Import RSS feed data
Next, we use the RSS Input plugin installed above to import the data in www.elastic.co/blog/feed. Let’s start by creating the following configuration file in the Logstash installation root:
logstash.conf
input {
rss {
url => "https://www.elastic.co/blog/feed"
interval => 120
tags => ["rss", "elastic"]
}
}
filter {
mutate {
rename => [ "message", "blog_html" ]
copy => { "blog_html" => "blog_text" }
copy => { "published" => "@timestamp" }
}
mutate {
gsub => [
"blog_text", "<.*?>", "",
"blog_text", "[\n\t]", " "
]
remove_field => [ "published", "author" ]
}
}
output {
stdout {
codec => rubydebug
}
elasticsearch {
hosts => [ "localhost:9200" ]
index => "elastic_blog"
}
}
Copy the code
In the input section above, we defined RSS. Its URL is www.elastic.co/blog/feed. Interval is 120, which is 120 seconds. Run it every two minutes. At the same time, we added the tags we wanted to facilitate our data search. In the Filter section, we rename message to blog_html and duplicate the fields. In the mutate section, we replace all <> parentheses with “”, that is, remove. It also replaces characters like \n\t with empty “”. Finally, we delete the Published and Author fields, although deleting the Author field is unnecessary.
We run the following command in the Logstash installation directory:
./bin/logstash -f logstash.conf
Copy the code
We can see in the console:
We can see that in the blog_text, the <> tags have been removed.
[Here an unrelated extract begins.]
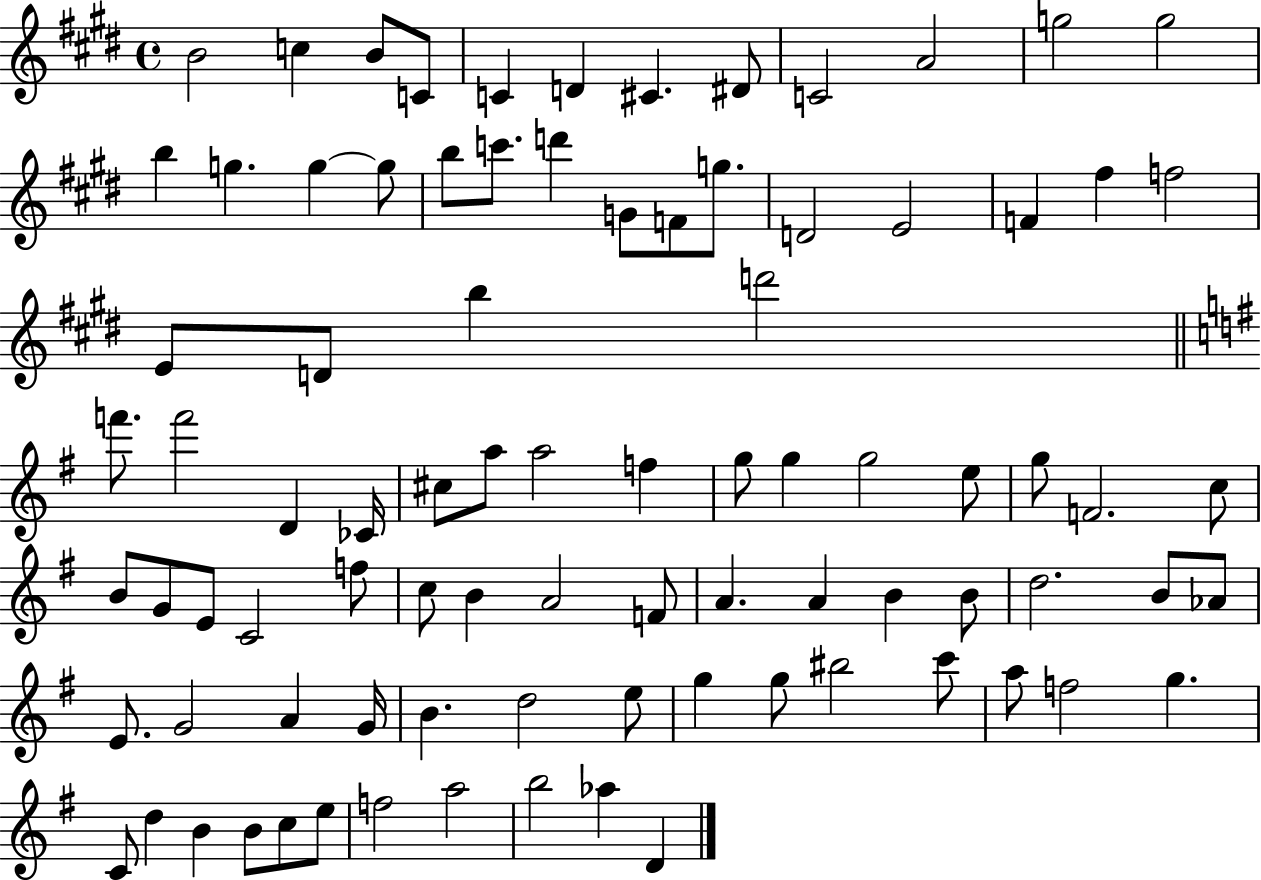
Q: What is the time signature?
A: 4/4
Select * from Elasticsearch where elastic_blog is located:
GET elastic_blog/_count
Copy the code
{
"count" : 20,
"_shards" : {
"total" : 1,
"successful" : 1,
"skipped" : 0,
"failed" : 0
}
}
Copy the code
We can even search for it:
Two minutes later, we look at the imported data again:
This time, we see that count is 40, which is a double of 20 the first time. This is because we have to re-read the data every 2 minutes. If we wait another two minutes, the number will change to 60:
All right, in today’s practice. We showed you how to import RSS feed data using the Logstash RSS Input Plugin. I hope it will help you in your work.